What you need to do: Please, in the data that follows, copy exactly the lines from the line with "Lyon lidera transição" through the last one, both included. Do not include pictures.

Given information:
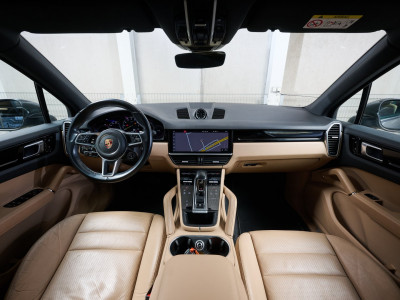 Porsche Cayenne Gebrauchtwagen Porsche Cayenne Gebrauchtwagen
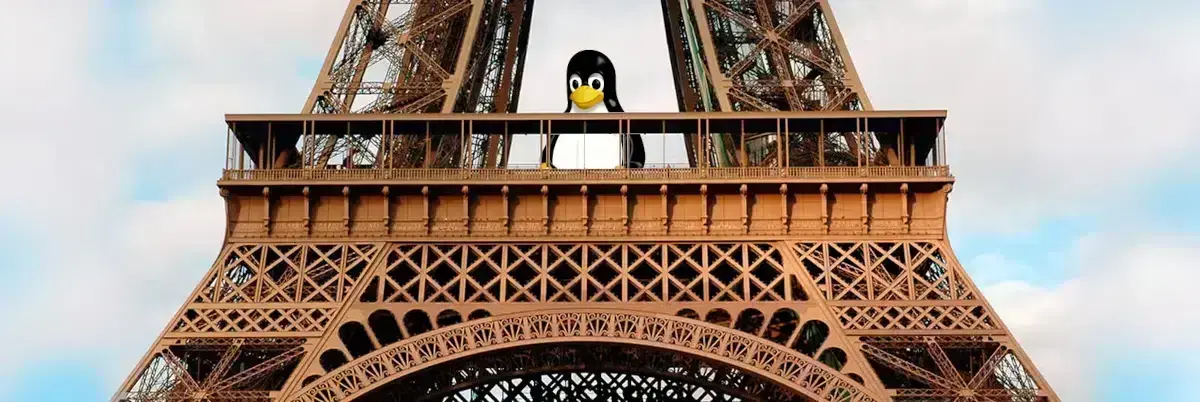 Lyon lidera transição para Linux e software livre na administração pública francesa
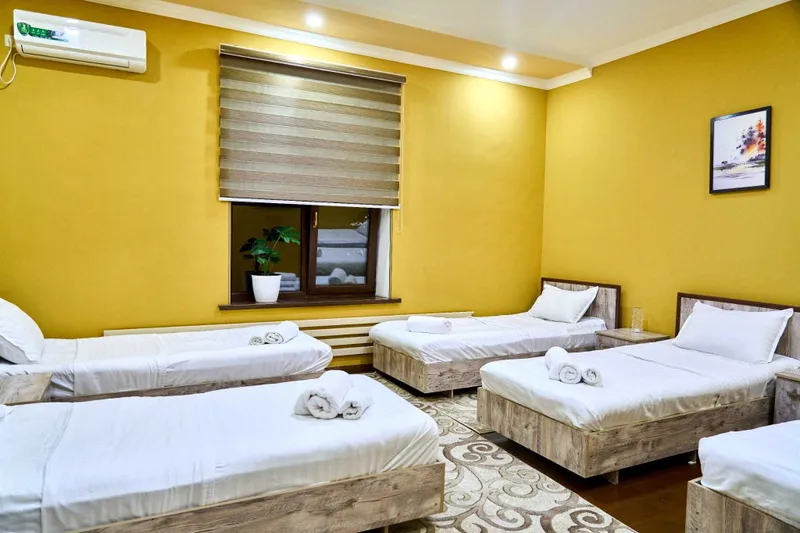 Hotel / Hostel Dilbar Guest House (Гостевой дом) 2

Response to this task:
 Lyon lidera transição para Linux e software livre na administração pública francesa
 Hotel / Hostel Dilbar Guest House (Гостевой дом) 2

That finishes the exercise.